Remember Reginald Denny? He was the truck driver that was pulled from his truck and nearly beaten to death during the Los Angeles riots in 1992. His skull was fractured in 91 places. It’s a most horrific story. Mr. Denny had no idea what was going on because the truck he was driving had no radio and he was unaware that he was driving right into the middle of a full-scale riot.

In 1993 after the trial of his assailants he appeared on the Phil Donahue Show to publicly forgive all of them. He hugged the mother of Henry Keith Watson, one of the men who had beaten him and told the audience that he had forgiven them. I remember how uncomfortable Henry Keith Watson looked sitting on stage with Reginald Denny.

You would think that the audience would have applauded Mr. Denny’s overture, but they didn’t. Not really. Several audience members stood up and wanted to know if the beating had addled his brain to a point that he just didn’t know what had happened.

He just kept saying that he “had” to forgive because he was a Christian, and he was charged with the duty to do so. He was soft and kind, the audience was loud and angry.

What made Reginald Denny different? It wasn’t the fact that he is a Christian. The members of the audience that chastised him said they were Christians. The difference is what goes on inside the individual.

We pay a lot of attention to our outside world and very little to our inside world…and folks, it’s the inside world that determines the outside world.

In his book “How To Meditate” Lawrence LeShan says “If our bodies were as undisciplined as our minds, we’d never make it across the street alive.”

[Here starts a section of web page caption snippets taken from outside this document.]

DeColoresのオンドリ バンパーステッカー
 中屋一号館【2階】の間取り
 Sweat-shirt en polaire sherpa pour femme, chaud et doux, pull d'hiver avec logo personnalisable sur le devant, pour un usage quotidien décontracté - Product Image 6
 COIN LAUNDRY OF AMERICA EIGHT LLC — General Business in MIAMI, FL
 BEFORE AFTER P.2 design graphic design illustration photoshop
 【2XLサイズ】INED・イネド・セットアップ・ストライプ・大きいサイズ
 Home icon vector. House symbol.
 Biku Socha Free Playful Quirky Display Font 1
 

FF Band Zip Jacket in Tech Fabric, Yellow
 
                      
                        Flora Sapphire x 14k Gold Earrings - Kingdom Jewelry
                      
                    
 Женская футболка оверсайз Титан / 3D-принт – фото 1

Control your mind…control your world. That doesn’t mean everything will suddenly be rosy. It means you’ll be able to wade through life’s challenges with more grace and less stress. It also means that things will be clearer. There won’t be so much angst. Decisions come easier and you feel that you “know” what is right.

This will mitigate the knee-jerk reactions that usually make things worse and erect walls between us and our brothers and sisters on the path.

It’s up to the individual to find a path that lends itself to peace and happiness. And it does have to be sought. The outside world is loud and gross. I mean the word “gross” in terms of solidity. You can touch it with your fingers, smell it, hear it etc. So it gets all the attention. It’s the squeaky wheel.

The inside world is gentle and quiet. It waits for your attention. But unlike a flower that dies without water, the center of our being never dies. We can construct all manner of junk on and around it, but it’s still there. You can seek it out at any time. How about now?

What’s your plan, meditation, prayer, mindfulness? What inspires your greatness?

The outside world can wait for a few minutes a day…and it will still be there, I assure you.

There’s a grand and glorious landscape inside of you, and you know what comes next…You must cultivate it, fertilize it, and love it deeply.